Sangri ki sabzi (Rajasthan)


Sangri – 250g

Whole coriander seeds – 1 tsp

Asafoetida – 1 pinch

Whole red chilies – 4

Mango powder – 1 tsp

Salt – to taste


Soak sangri in warm water and keep overnight. (In case you forget, boil in water and let it remain for an hour.) Now, in warm oil add coriander, asafoetida, whole red chilies, sangri, mango powder, and salt to taste. Stir it till it matches your idea of “cooked.” Some like it well done, some like it sautéed. In Rajasthan, sangri is eaten with chapatis of bajra or jowar, with a generous dollop of butter on top.

Recipe courtesy Sunita Narain, director general of Centre for Science and Environment and co-author of First Food: A Taste of India’s Biodiversity.

Another example is Kandathippili (the root of the long pepper plant) which was commonly used by Tamilian families to make healthy rasams. According to Quroa user Sharanya Sunderamoorthy, it is rare to find the herb in stores today, meaning that fewer people cook this specific kind of rasam.
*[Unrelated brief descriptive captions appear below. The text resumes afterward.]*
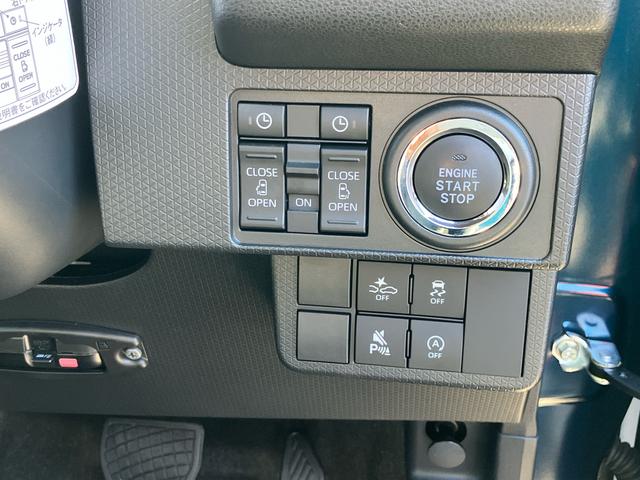 タント カスタムＲＳ　インタークーラーターボエンジン　純正７型ワイドエントリーナビ　バックカメラ　前後ナビ連動式ドライブレコーダー　純正ＥＴＣ　両側電動スライドドア　両席シートヒーター　６コーナーセンサー　ＵＳＢソケット（23枚目）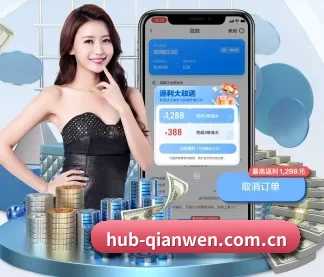 千问 APP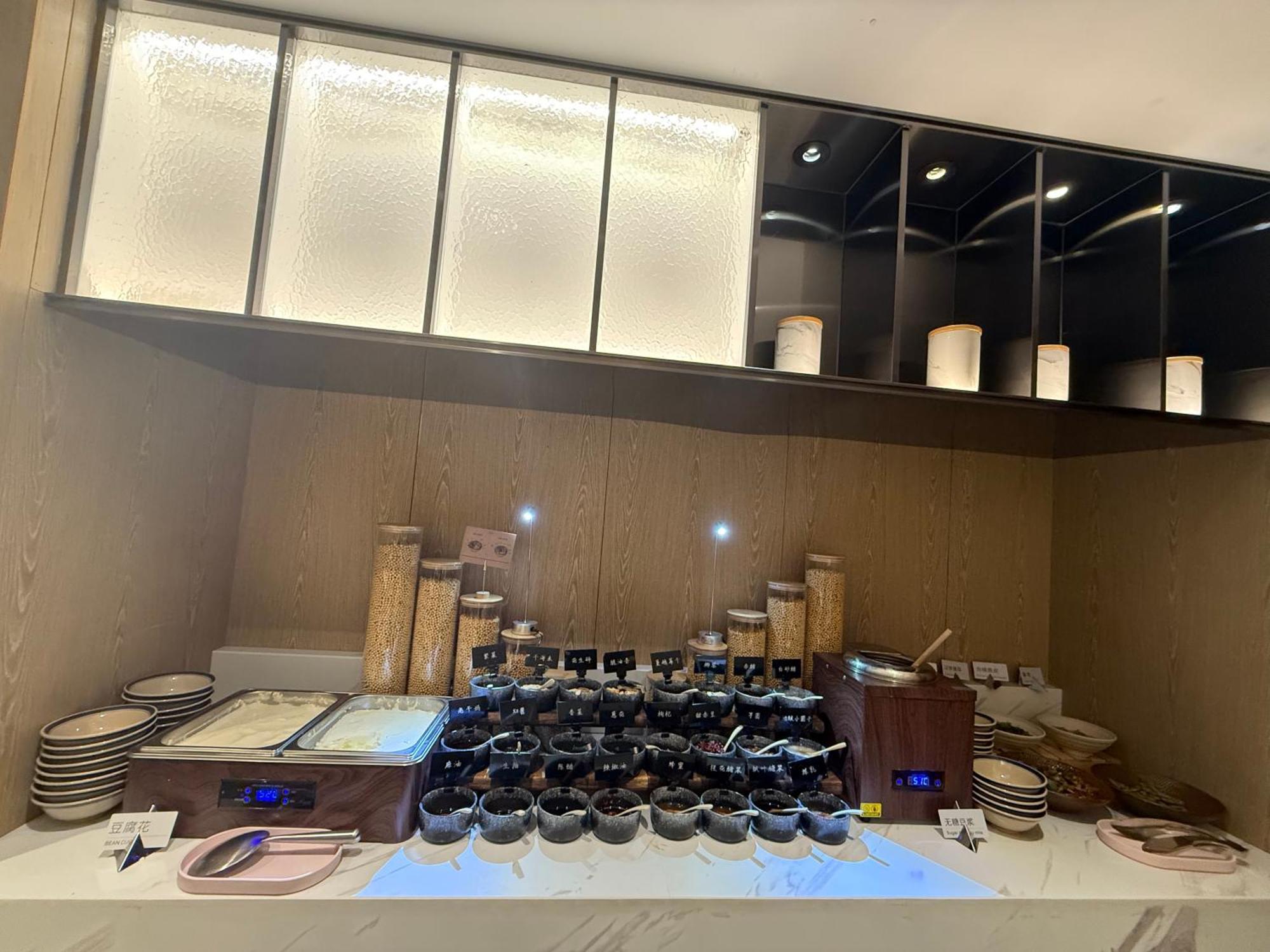 Hotel Atour X Zhujiang New Town Tianhe Park Station-free Shuttle Bus To Fair 5*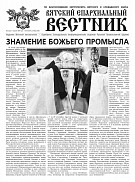 Вышел новый номер газеты «Вятский епархиальный вестник»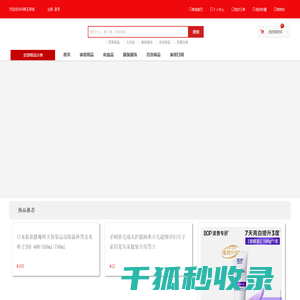 锦玉商城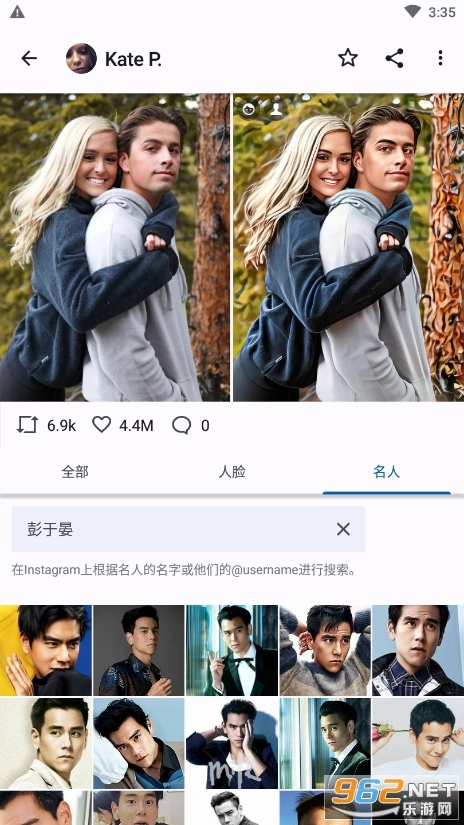 迪士尼脸生成器安卓官方版图2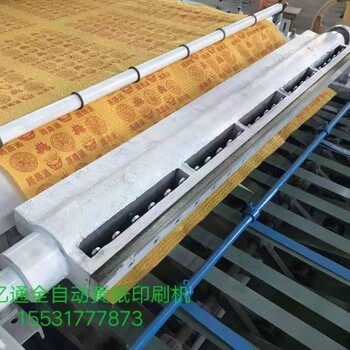黑龙江鹤岗市全自动黄纸印刷机烧纸印刷压花机的操作规程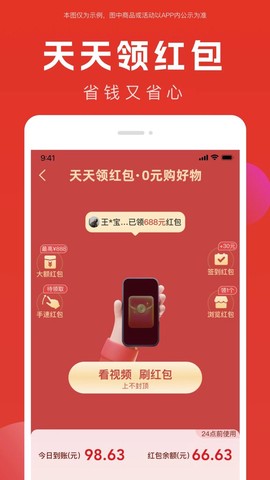 全民严选[图1]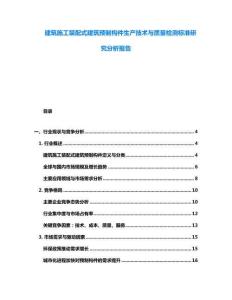 建筑施工裝配式建筑預制構件生產技術與質量檢測標準研究分析報告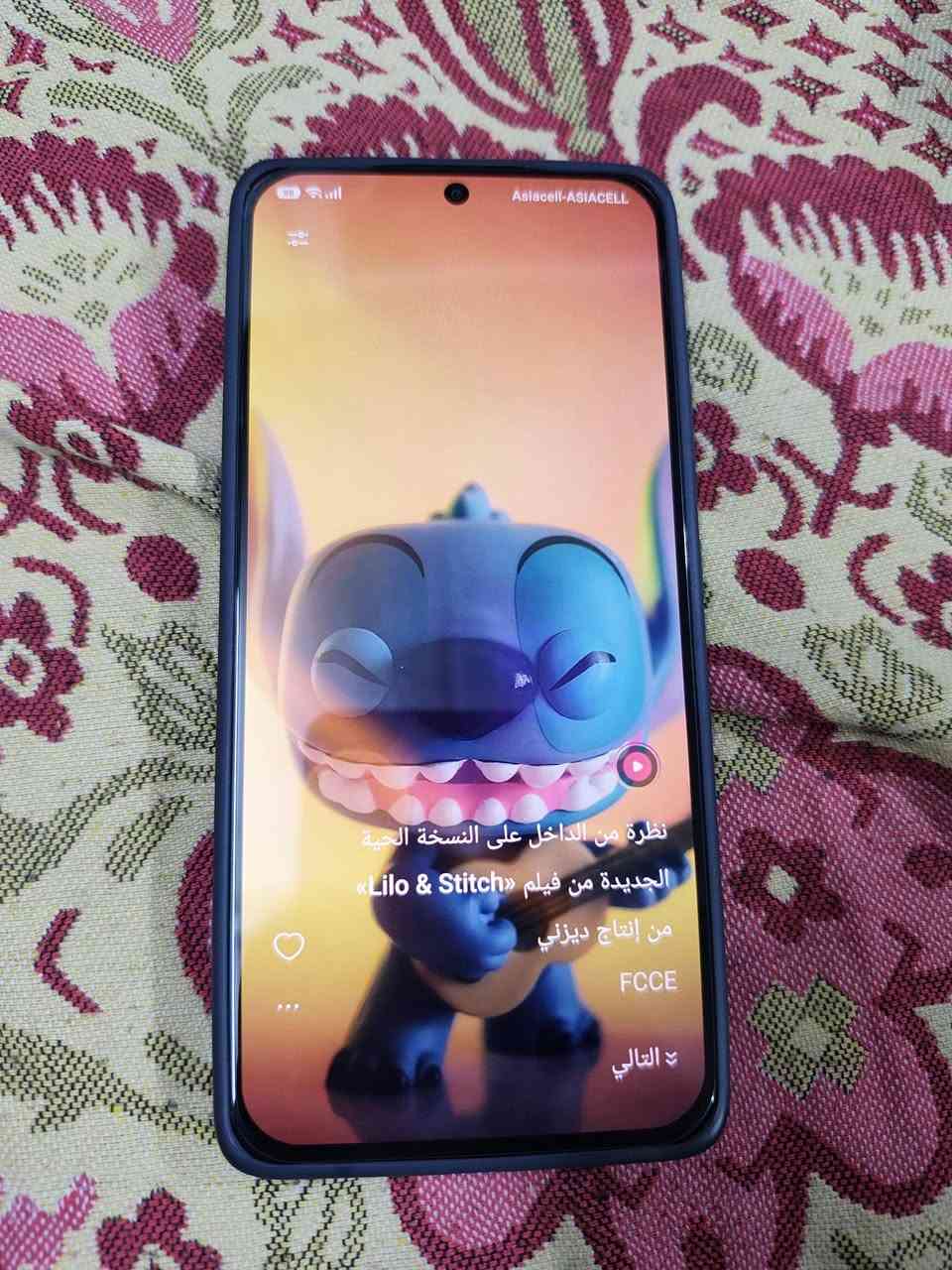 موبايل البيع بوكو اف 6 الذاكره 512 عشوايه 16 السعر 350 وبي مجال العنوان الجمعيه ***********

نص مكتوب في الصور:
- حول الهاتف
- اسم الجهاز
- POCO F6
- التخزين
- 276,8 ج.ب/528 ج.ب (16 ج.ب لتمديد المخزن)
- إصدار نظام التشغيل (لـ POCO)
- 3.0.303.0.WNPMIXM.C07
- إصدار Android
- 16 BP2A.250605.031.A3
- تحديث أمان نظام Android
- 2026-07-01
- المواصفات والمعلومات التفصيلية
- النسخ الاحتياطي والاستعادة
Kandathippili Rasam (long pepper rasam)


Tomato – 1 large chopped
Tamarind pulp – 2 tbsp
Toor dal, cooked – 1/4 cup
Turmeric powder – 1/2 tsp
Salt to taste
Sugar – 1 tsp
For the rasam masala:

Oil – 1 tsp
Thippili (long pepper) – 2 pieces
Kandathippili (root of long pepper plant) – 4 sticks
Whole pepper – 1 tsp
Dry red chili – 2
Coriander seeds – 2 tblspn
Curry leaves – 1 sprig
Cumin Seeds – 1 tsp
Garlic – 3 cloves

For Tempering:
Oil – 1 tbsp
Mustard seeds – 1 tsp
Urad dal – 1 tsp
Asafoetida – a pinch
Curry leaves – a handful

In a pan, heat 1 teaspoon of oil and add all of the ingredients for the masala, with the exception of the cumin seeds. Roast these ingredients for a few minutes. Then, add the ingredients to a blender, along with the cumin seeds, and mix to achieve a coarse texture.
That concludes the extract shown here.